Leverages value-added cloud services
This is perhaps one of the most intuitive, yet simultaneously the most alienated concepts of cloud-native. When we started to dismantle our monolith, I made a conscious decision to fully leverage the value-added services of our cloud provider. Our monolith just leveraged the cloud for its infrastructure-as-a-service. That was a big improvement, as we have already discussed. Disposable infrastructure allowed us to move fast, but we wanted to move faster. Even when there were open source alternatives available, we chose to use the cloud provided (that is, cloud-native) service.
What could be more cloud-native than using the native services of the cloud providers? It did not matter that there were already containers defined for the open source alternatives. As I have mentioned previously and will repeat many times, the containers are only the tip of the iceberg. I will repeat this many times throughout the book because it is good to repeat important points. A great deal of forethought, effort, and care are required for any and every service that you will be running on your own. It is the rest of the iceberg that keeps me up at night. How long does it take to really understand the ins and outs of these open source services before you can really run them in production with confidence? How many of these services can your team realistically build expertise in, all at the same time? How many "gotchas" will you run into at the least opportune time?
Many of these open source services are data focused, such as databases and messaging. For all my customers, and I'll assert for most companies, data is the value proposition. How much risk are you willing to assume with regard to the data that is your bread and butter? Are you certain that you will not lose any of that data? Do you have sufficient redundancy? Do you have a comprehensive backup and restore process? Do you have monitoring in place, so that you will know in advance and have ample time to grow your storage space? Have you hardened your operating system and locked down every last back door?
The bulk of the patterns in this book revolve around data. Cloud-native is about more than just scaling components. It is ultimately about scaling your data. Gone are the days of the monolithic database. Each component will have multiple dedicated databases of various types. This is an approach called polyglot persistence that we will discuss shortly. It will require your teams to own and operate many different types of persistence services. Is this where you want to place your time and effort? Or do you want to focus your efforts on your value proposition?
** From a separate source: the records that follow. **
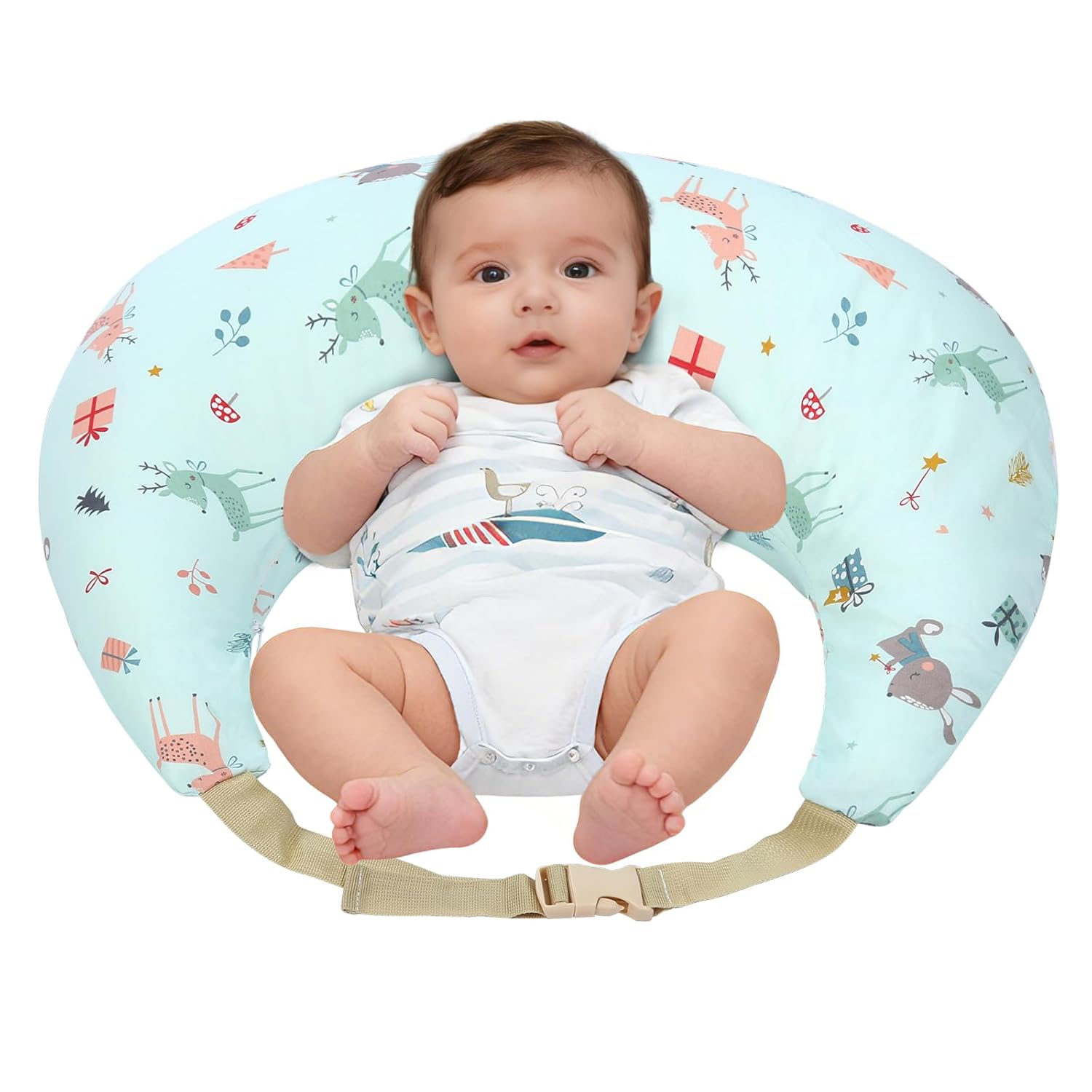Nursing Pillow, Breastfeeding Pillows with Standard Size Removable Cover, Breast Feeding Pillow with Breathable Filling, Ergonomic Nursing Essentials for Bottle and Breastfeeding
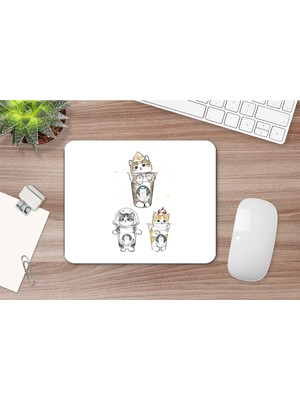 Kediler Baskılı Mouse Pad, Diktörgen Mousepad, Mause Pad, Ofis Mausepad, Kaymaz Taban
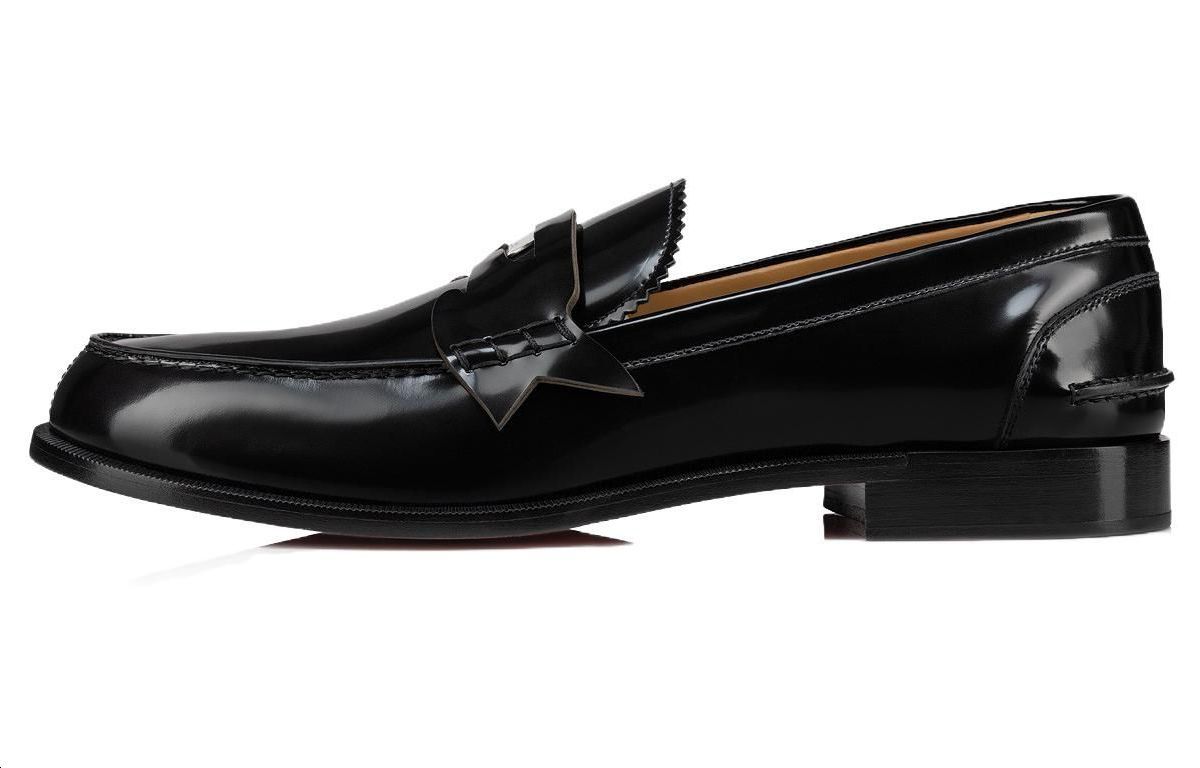 Buy 克里斯提·鲁布托CL与白金小牛皮黑色舒适休闲时尚乐福鞋 3230691BK01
By leveraging the value-added services of our cloud provider, we cut months, if not more, off our ramp-up time and minimize our operational risk. Leveraging value-added cloud services gave us confidence that the services were operated properly. We could be certain that the services would scale and grow with us, as we needed them to. In some cases, the cloud services only have a single dial that you turn. We simply needed to hook up our third-party monitoring service to observe the metrics provided by these value-added services and focus on the alerts that were important to our components. We will discuss alerting and observability in Chapter 8, Monitoring.
This concept is also the most alienated, because of the fear of vendor lock-in. But vendor lock-in is monolithic thinking. In cloud-native systems, we make decisions on a component-by-component basis. We embrace disposable architecture and leverage value-added cloud services to increase our velocity, increase our knowledge, and minimize our risk. By leveraging the value-added services of our cloud provider, we gave ourselves time to learn more about all the new services and techniques. In many cases, we did not know if a specific type of service was going to meet our needs. Using the cloud-provided services was just the cost of acquiring the information and knowledge we needed to make informed long-term decisions. We were willing to outgrow a cloud-provided service, instead of growing into a service we ran ourselves. Maybe we would never outgrow the cloud-provided service. Maybe we would never grow into a service we ran ourselves.
It is important to have an exit strategy, in case you do outgrow a value-added cloud service. Fortunately, with bounded isolated components, we can exit one component at a time and not necessarily for all components. For example, a specific cloud provider service may be perfect for all but a small few of your components. In Chapter 3, Foundation Patterns, we will discuss the Event Sourcing and Data Lake patterns that are the foundation for any such exit strategy and conversion.